__INSTRUCTIONS FOR THE TASK__. Everything from the line with "The last and" to the line with "Hello. In this" in the listing below, both lines included, needs to be copied exactly, apart from the pictures.

__EXERCISE MATERIAL__.
□ □ □ □ □ □ □
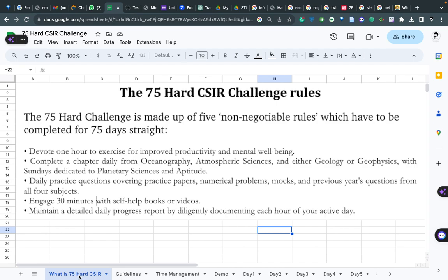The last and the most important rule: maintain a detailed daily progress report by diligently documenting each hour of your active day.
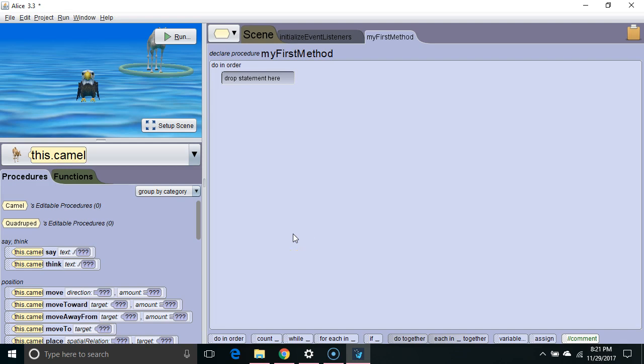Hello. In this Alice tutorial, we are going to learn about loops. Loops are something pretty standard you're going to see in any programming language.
□ □ □ □ □ □ □
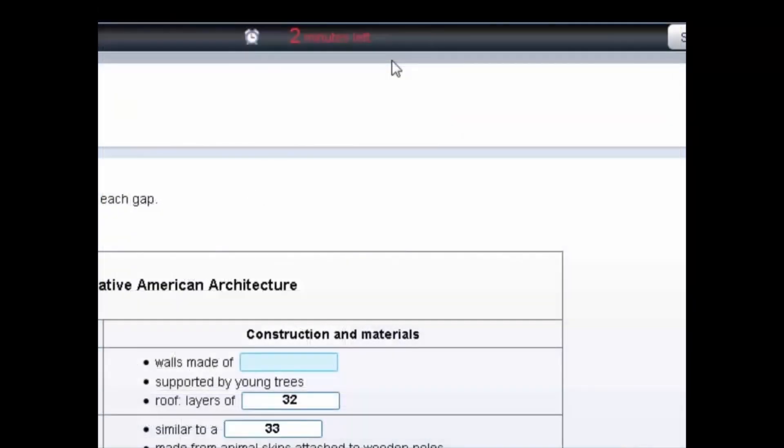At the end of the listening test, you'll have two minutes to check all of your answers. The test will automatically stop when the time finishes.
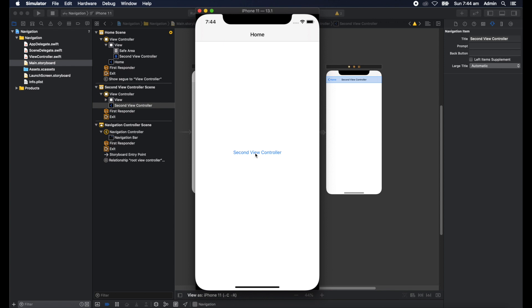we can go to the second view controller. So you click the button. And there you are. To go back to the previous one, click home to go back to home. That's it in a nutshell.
□ □ □ □ □ □ □
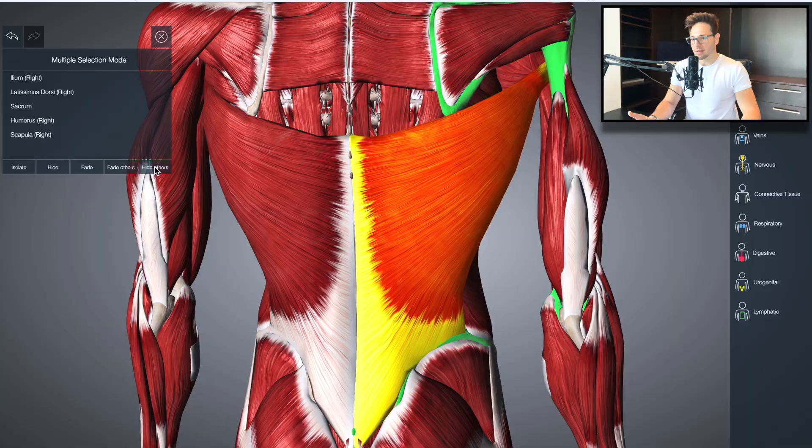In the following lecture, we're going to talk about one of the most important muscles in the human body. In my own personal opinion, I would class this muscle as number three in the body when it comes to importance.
□ □ □ □ □ □ □
__REPLY__.
The last and the most important rule: maintain a detailed daily progress report by diligently documenting each hour of your active day.
Hello. In this Alice tutorial, we are going to learn about loops. Loops are something pretty standard you're going to see in any programming language.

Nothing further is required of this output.